### Goal of the exercise
Once the pictures are removed, reproduce what is left of the data below exactly.

***** Dataset records *****

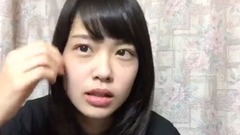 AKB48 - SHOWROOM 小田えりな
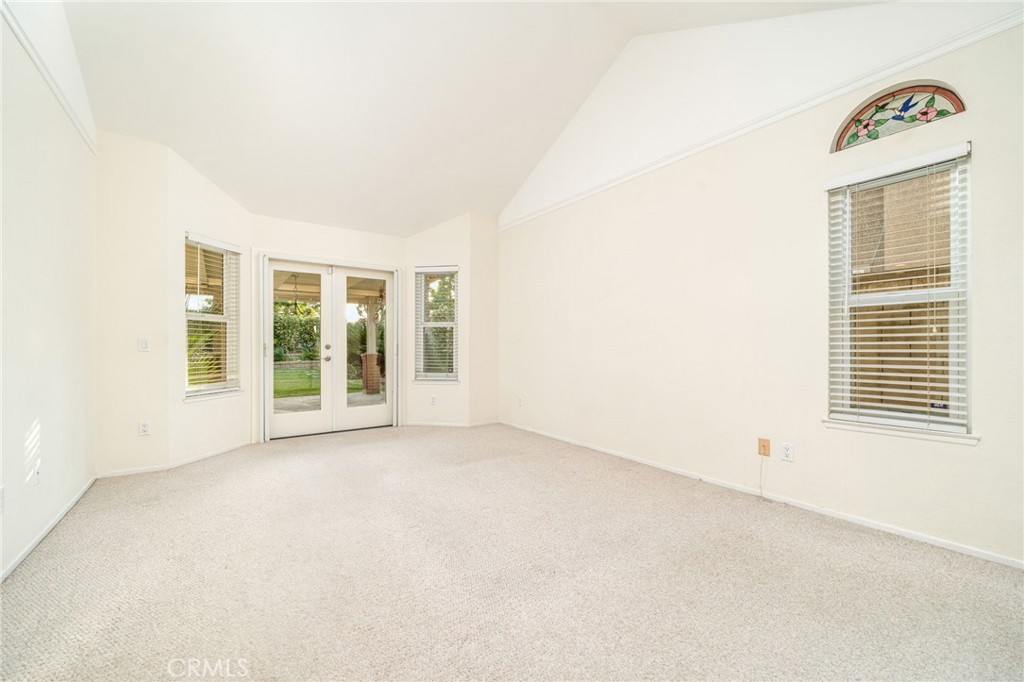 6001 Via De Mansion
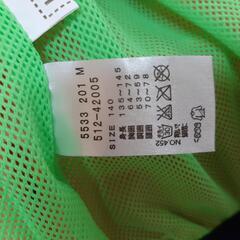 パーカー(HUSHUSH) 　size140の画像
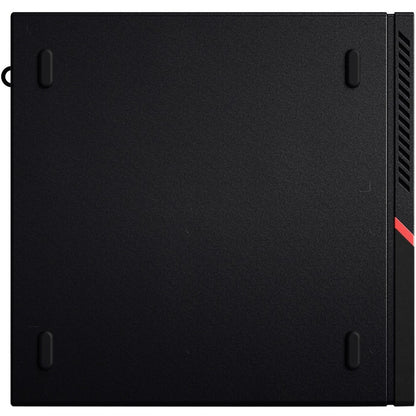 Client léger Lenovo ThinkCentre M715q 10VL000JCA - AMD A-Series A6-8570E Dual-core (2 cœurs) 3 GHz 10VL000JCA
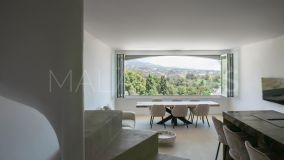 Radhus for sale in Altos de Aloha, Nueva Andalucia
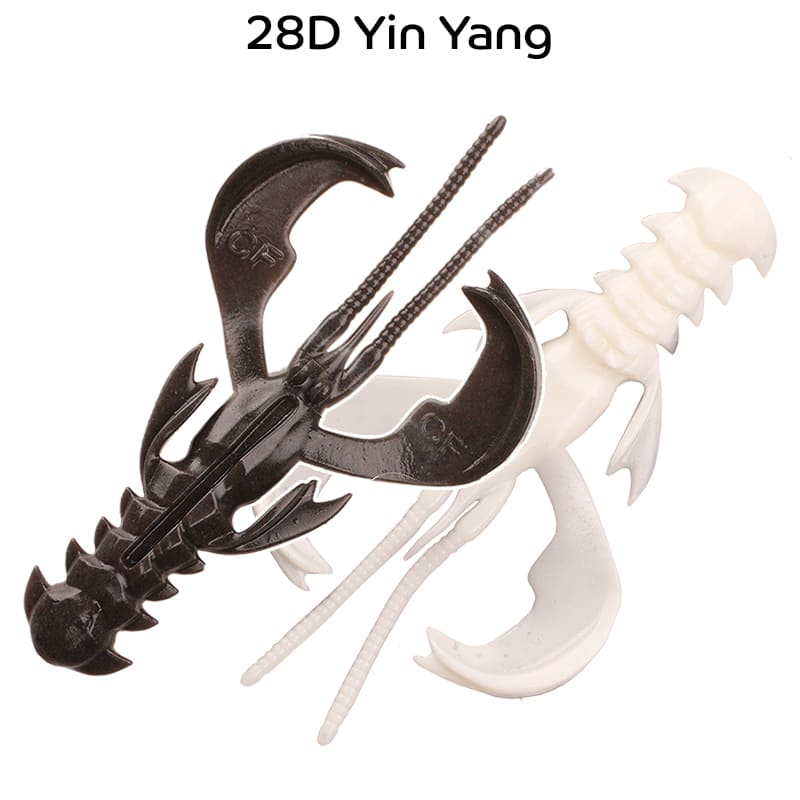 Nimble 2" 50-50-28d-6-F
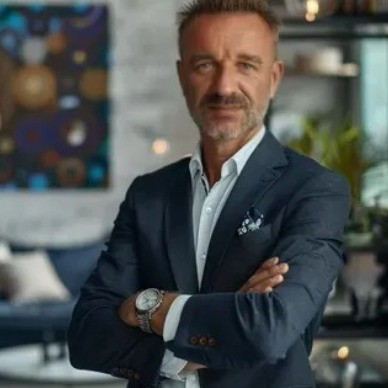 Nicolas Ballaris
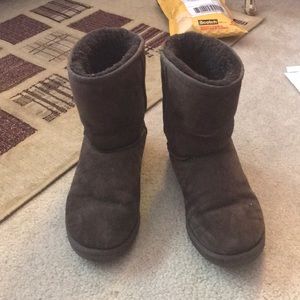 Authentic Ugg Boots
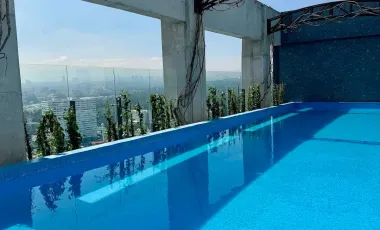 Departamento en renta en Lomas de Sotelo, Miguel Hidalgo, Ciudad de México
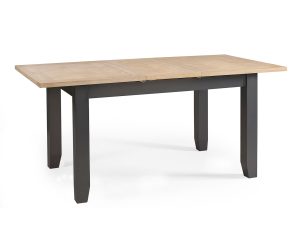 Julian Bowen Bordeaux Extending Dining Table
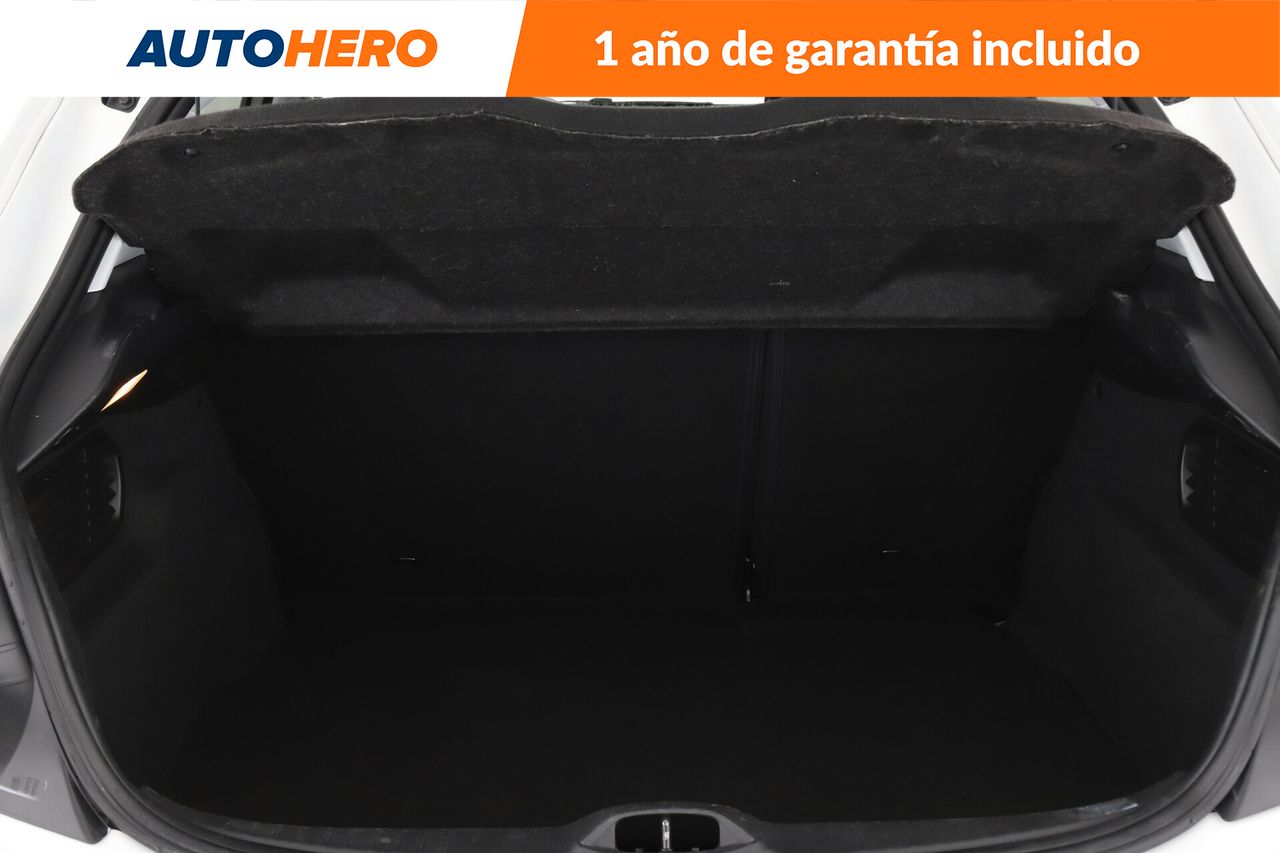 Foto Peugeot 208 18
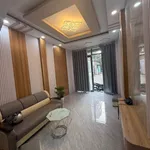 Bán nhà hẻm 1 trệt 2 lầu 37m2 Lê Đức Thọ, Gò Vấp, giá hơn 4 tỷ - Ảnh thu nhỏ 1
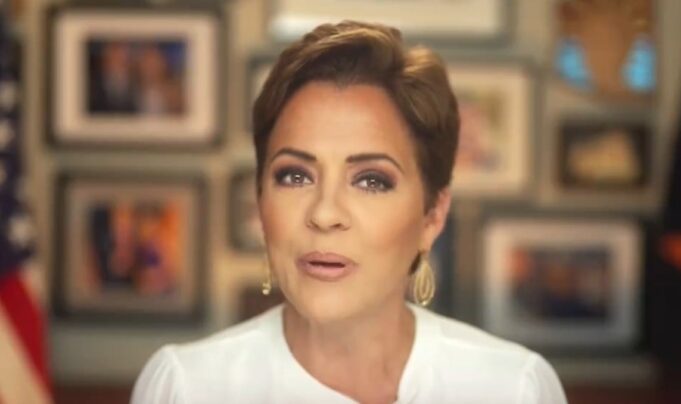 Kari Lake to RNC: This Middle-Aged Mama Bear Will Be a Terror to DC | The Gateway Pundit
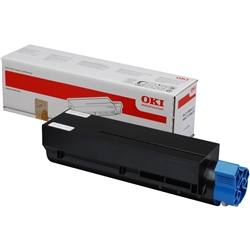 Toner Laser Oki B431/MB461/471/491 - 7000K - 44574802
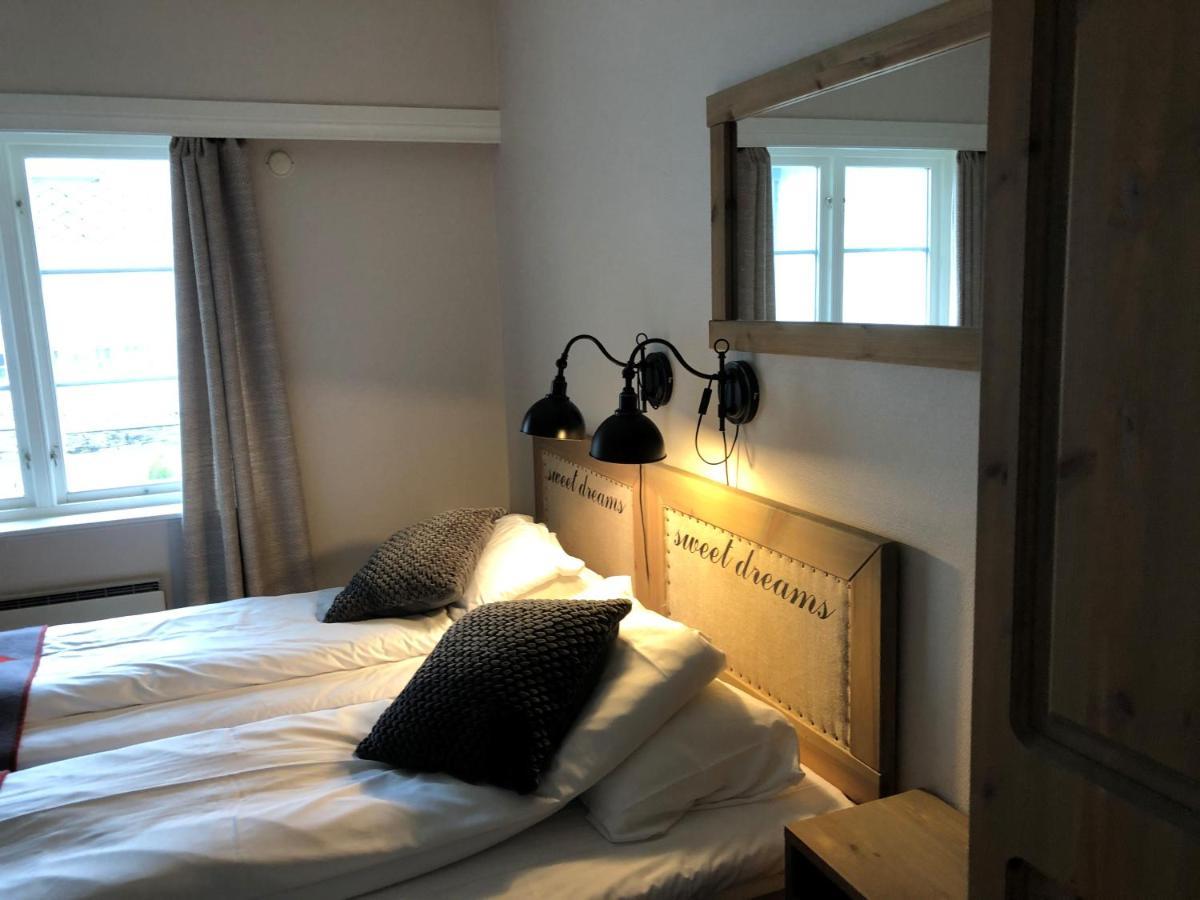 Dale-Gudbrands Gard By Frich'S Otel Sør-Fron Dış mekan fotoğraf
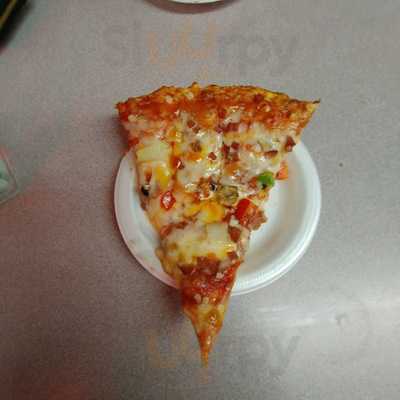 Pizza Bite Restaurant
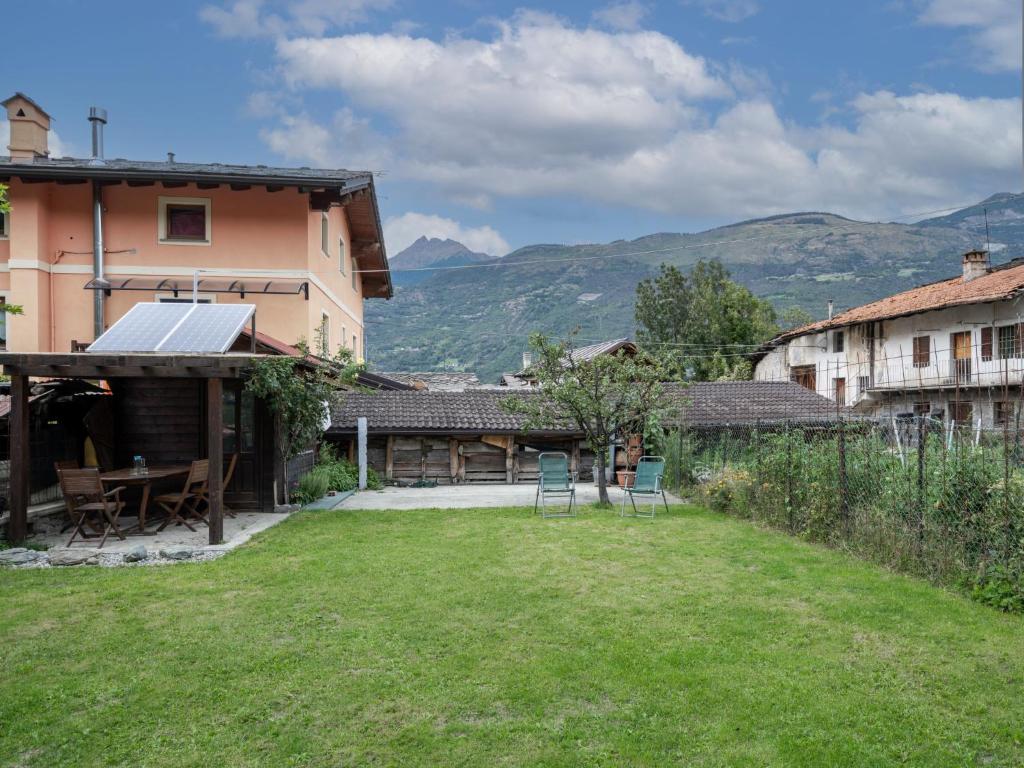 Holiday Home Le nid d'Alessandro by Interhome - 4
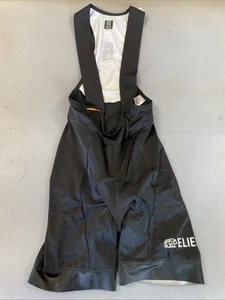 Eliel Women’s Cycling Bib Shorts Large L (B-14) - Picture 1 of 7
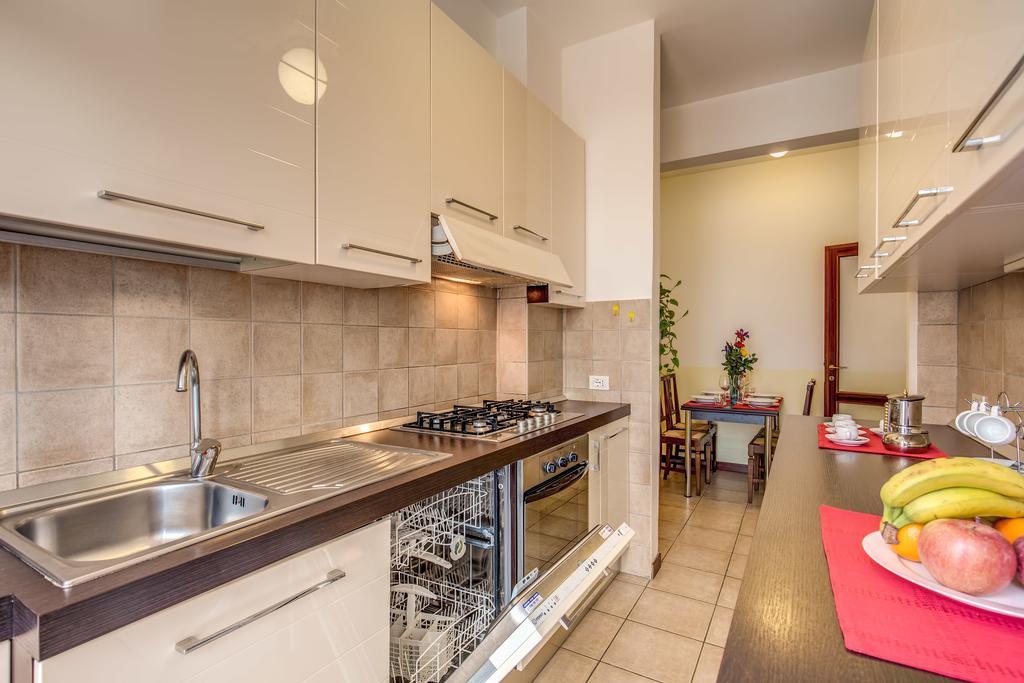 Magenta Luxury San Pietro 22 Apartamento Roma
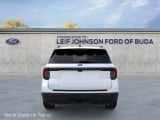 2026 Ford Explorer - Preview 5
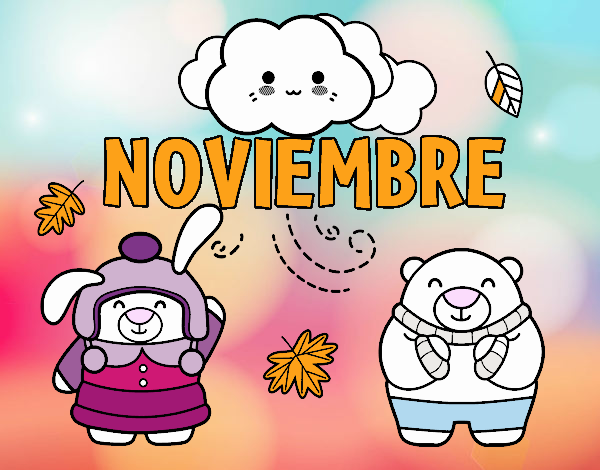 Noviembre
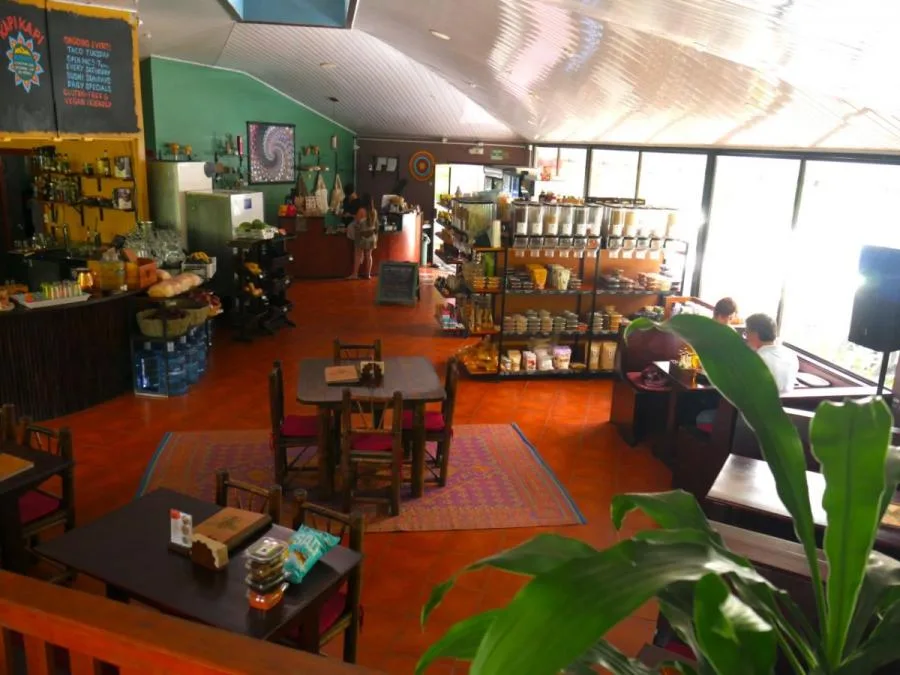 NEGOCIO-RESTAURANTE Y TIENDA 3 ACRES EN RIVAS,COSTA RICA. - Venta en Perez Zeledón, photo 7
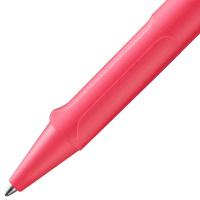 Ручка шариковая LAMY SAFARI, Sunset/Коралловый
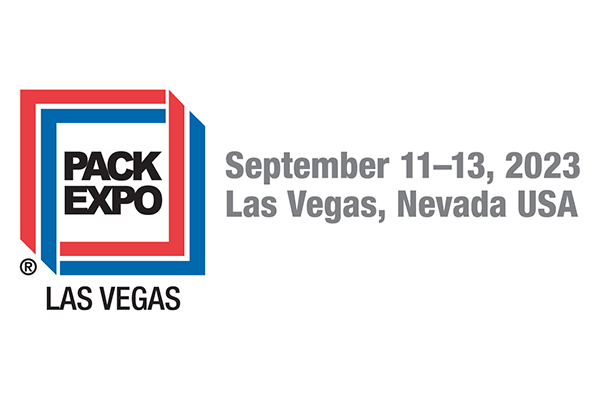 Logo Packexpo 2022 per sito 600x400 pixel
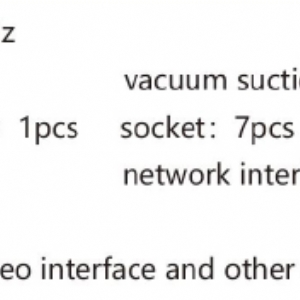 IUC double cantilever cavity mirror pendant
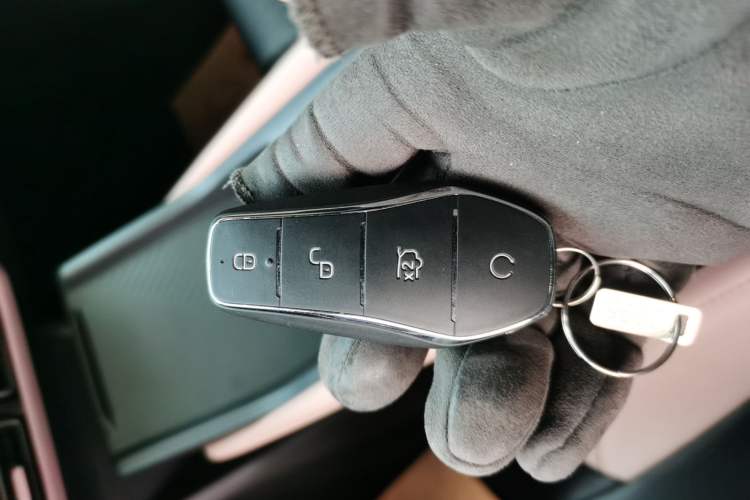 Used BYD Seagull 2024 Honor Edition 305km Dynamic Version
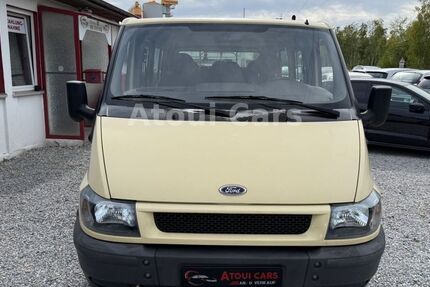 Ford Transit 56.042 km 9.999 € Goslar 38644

*****

### The answer
 AKB48 - SHOWROOM 小田えりな
 6001 Via De Mansion
 パーカー(HUSHUSH) 　size140の画像
 Client léger Lenovo ThinkCentre M715q 10VL000JCA - AMD A-Series A6-8570E Dual-core (2 cœurs) 3 GHz 10VL000JCA
 Radhus for sale in Altos de Aloha, Nueva Andalucia
 Nimble 2" 50-50-28d-6-F
 Nicolas Ballaris
 Authentic Ugg Boots
 Departamento en renta en Lomas de Sotelo, Miguel Hidalgo, Ciudad de México
 Julian Bowen Bordeaux Extending Dining Table
 Foto Peugeot 208 18
 Bán nhà hẻm 1 trệt 2 lầu 37m2 Lê Đức Thọ, Gò Vấp, giá hơn 4 tỷ - Ảnh thu nhỏ 1
 Kari Lake to RNC: This Middle-Aged Mama Bear Will Be a Terror to DC | The Gateway Pundit
 Toner Laser Oki B431/MB461/471/491 - 7000K - 44574802
 Dale-Gudbrands Gard By Frich'S Otel Sør-Fron Dış mekan fotoğraf
 Pizza Bite Restaurant
 Holiday Home Le nid d'Alessandro by Interhome - 4
 Eliel Women’s Cycling Bib Shorts Large L (B-14) - Picture 1 of 7
 Magenta Luxury San Pietro 22 Apartamento Roma
 2026 Ford Explorer - Preview 5
 Noviembre
 NEGOCIO-RESTAURANTE Y TIENDA 3 ACRES EN RIVAS,COSTA RICA. - Venta en Perez Zeledón, photo 7
 Ручка шариковая LAMY SAFARI, Sunset/Коралловый
 Logo Packexpo 2022 per sito 600x400 pixel
 IUC double cantilever cavity mirror pendant
 Used BYD Seagull 2024 Honor Edition 305km Dynamic Version
 Ford Transit 56.042 km 9.999 € Goslar 38644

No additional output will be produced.